**Task details:**
With pictures left out, output exactly the lines of the listing below from the line that has "Tashi Namgay Resort Paro Eksteriør bilde" to the line that has "Tensei Goblin da", both lines kept.

---------- Data for review ----------

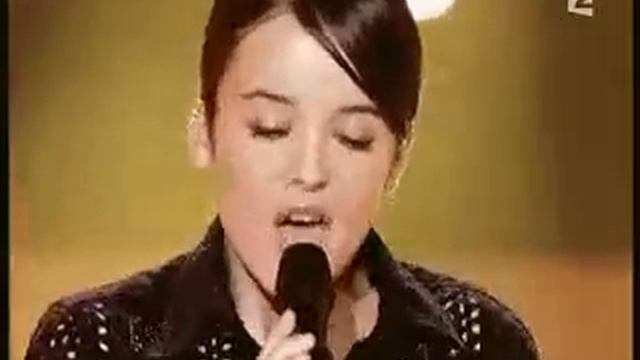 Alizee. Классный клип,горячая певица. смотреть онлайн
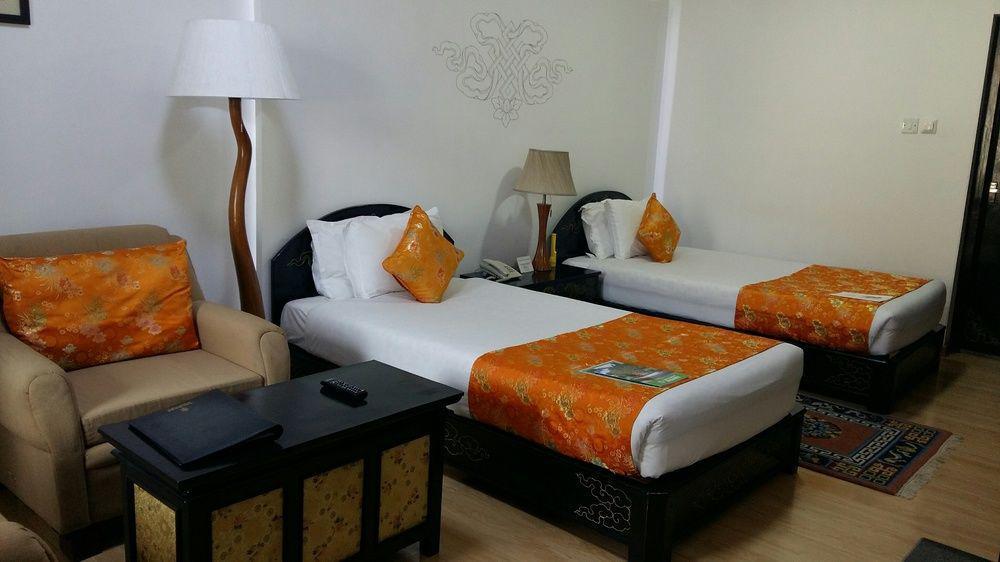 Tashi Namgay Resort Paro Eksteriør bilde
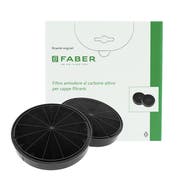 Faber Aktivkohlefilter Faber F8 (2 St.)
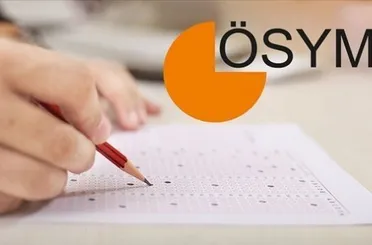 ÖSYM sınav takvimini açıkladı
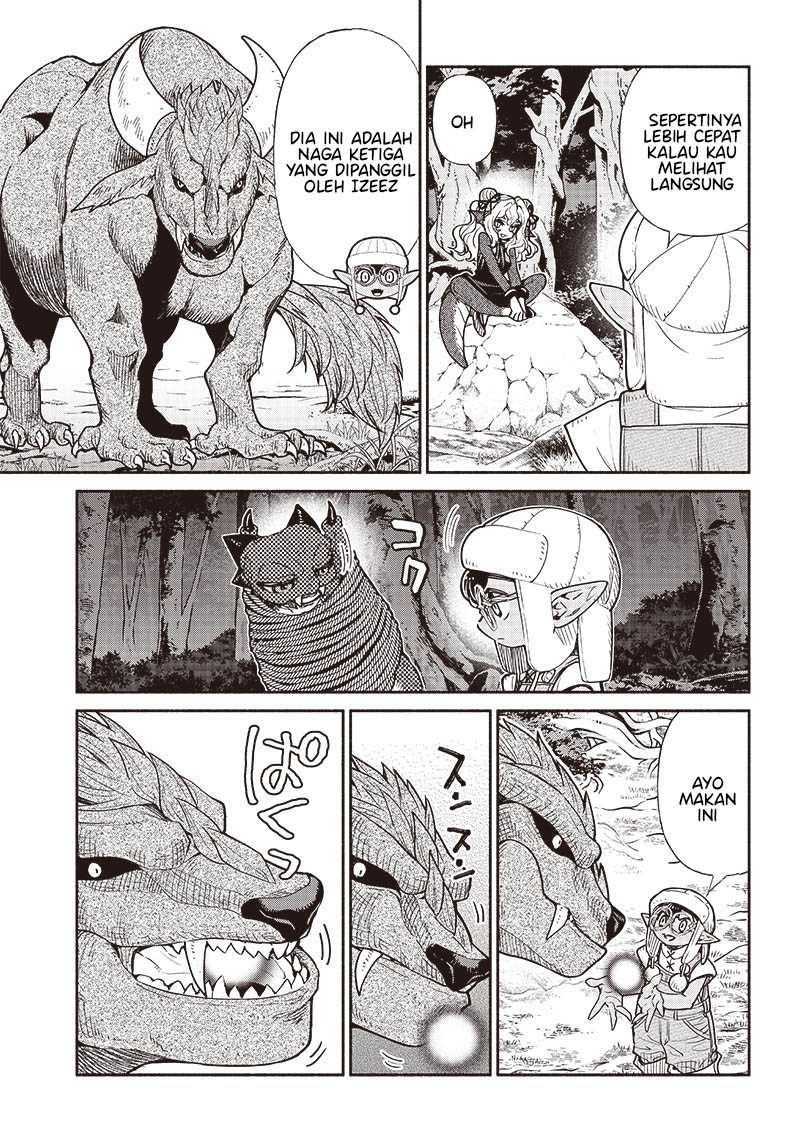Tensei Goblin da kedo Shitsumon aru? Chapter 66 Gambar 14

----------
---------- Data for review ----------

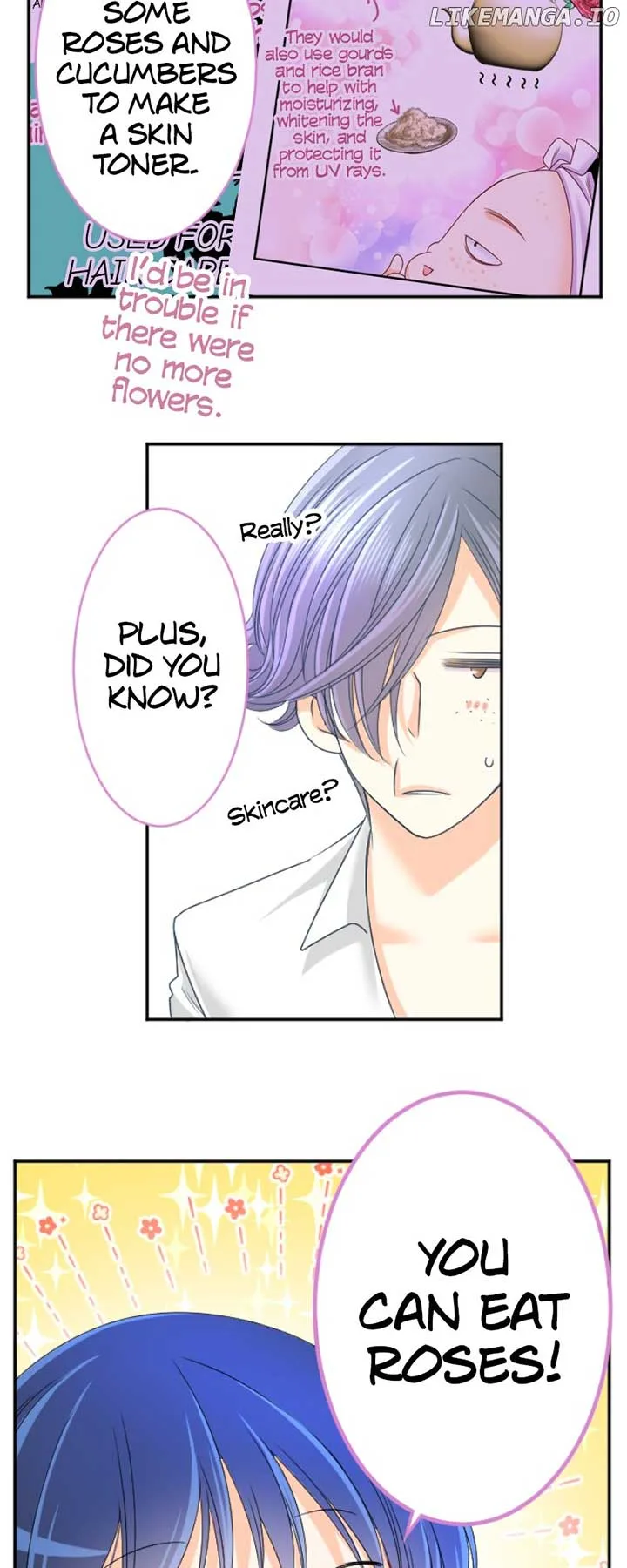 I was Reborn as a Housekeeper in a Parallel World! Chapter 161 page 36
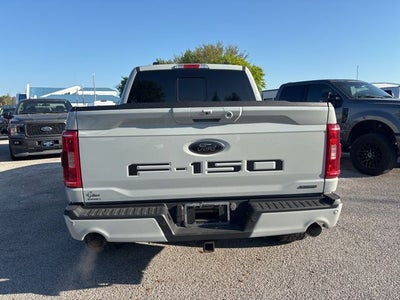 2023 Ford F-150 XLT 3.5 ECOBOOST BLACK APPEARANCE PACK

----------

**Worked solution:**
 Tashi Namgay Resort Paro Eksteriør bilde
 Faber Aktivkohlefilter Faber F8 (2 St.)
 ÖSYM sınav takvimini açıkladı
Tensei Goblin da kedo Shitsumon aru? Chapter 66 Gambar 14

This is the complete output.